THE PROBLEM: Write out every record again, exactly.
◆ ◆ ◆ ◆ ◆ ◆ ◆
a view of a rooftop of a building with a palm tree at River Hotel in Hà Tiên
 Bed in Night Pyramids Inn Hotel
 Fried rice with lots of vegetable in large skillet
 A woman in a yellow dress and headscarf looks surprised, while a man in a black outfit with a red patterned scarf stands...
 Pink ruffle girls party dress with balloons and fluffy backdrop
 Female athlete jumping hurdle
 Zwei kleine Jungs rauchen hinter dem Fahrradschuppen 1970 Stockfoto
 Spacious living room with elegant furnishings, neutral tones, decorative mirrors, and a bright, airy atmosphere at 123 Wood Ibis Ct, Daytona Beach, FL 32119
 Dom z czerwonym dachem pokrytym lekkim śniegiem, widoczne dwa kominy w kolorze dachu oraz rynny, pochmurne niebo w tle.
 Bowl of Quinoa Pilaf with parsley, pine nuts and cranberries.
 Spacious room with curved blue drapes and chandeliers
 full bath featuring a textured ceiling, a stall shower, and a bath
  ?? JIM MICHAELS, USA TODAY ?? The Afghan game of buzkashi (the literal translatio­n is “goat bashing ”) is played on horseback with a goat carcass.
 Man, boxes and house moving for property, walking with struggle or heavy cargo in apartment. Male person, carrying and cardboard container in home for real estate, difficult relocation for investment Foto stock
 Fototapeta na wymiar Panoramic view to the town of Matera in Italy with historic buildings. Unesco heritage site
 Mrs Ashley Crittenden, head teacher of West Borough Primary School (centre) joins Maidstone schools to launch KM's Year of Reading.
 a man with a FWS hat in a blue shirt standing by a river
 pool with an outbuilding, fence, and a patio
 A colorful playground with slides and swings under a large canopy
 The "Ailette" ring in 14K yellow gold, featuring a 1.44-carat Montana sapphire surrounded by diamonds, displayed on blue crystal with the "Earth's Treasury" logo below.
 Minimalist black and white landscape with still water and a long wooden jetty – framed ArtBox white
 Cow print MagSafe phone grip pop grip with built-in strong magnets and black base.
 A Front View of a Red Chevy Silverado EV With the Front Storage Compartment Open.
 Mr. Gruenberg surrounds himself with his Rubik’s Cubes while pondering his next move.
◆ ◆ ◆ ◆ ◆ ◆ ◆
RESULT OF THE TASK:
a view of a rooftop of a building with a palm tree at River Hotel in Hà Tiên
 Bed in Night Pyramids Inn Hotel
 Fried rice with lots of vegetable in large skillet
 A woman in a yellow dress and headscarf looks surprised, while a man in a black outfit with a red patterned scarf stands...
 Pink ruffle girls party dress with balloons and fluffy backdrop
 Female athlete jumping hurdle
 Zwei kleine Jungs rauchen hinter dem Fahrradschuppen 1970 Stockfoto
 Spacious living room with elegant furnishings, neutral tones, decorative mirrors, and a bright, airy atmosphere at 123 Wood Ibis Ct, Daytona Beach, FL 32119
 Dom z czerwonym dachem pokrytym lekkim śniegiem, widoczne dwa kominy w kolorze dachu oraz rynny, pochmurne niebo w tle.
 Bowl of Quinoa Pilaf with parsley, pine nuts and cranberries.
 Spacious room with curved blue drapes and chandeliers
 full bath featuring a textured ceiling, a stall shower, and a bath
  ?? JIM MICHAELS, USA TODAY ?? The Afghan game of buzkashi (the literal translatio­n is “goat bashing ”) is played on horseback with a goat carcass.
 Man, boxes and house moving for property, walking with struggle or heavy cargo in apartment. Male person, carrying and cardboard container in home for real estate, difficult relocation for investment Foto stock
 Fototapeta na wymiar Panoramic view to the town of Matera in Italy with historic buildings. Unesco heritage site
 Mrs Ashley Crittenden, head teacher of West Borough Primary School (centre) joins Maidstone schools to launch KM's Year of Reading.
 a man with a FWS hat in a blue shirt standing by a river
 pool with an outbuilding, fence, and a patio
 A colorful playground with slides and swings under a large canopy
 The "Ailette" ring in 14K yellow gold, featuring a 1.44-carat Montana sapphire surrounded by diamonds, displayed on blue crystal with the "Earth's Treasury" logo below.
 Minimalist black and white landscape with still water and a long wooden jetty – framed ArtBox white
 Cow print MagSafe phone grip pop grip with built-in strong magnets and black base.
 A Front View of a Red Chevy Silverado EV With the Front Storage Compartment Open.
 Mr. Gruenberg surrounds himself with his Rubik’s Cubes while pondering his next move.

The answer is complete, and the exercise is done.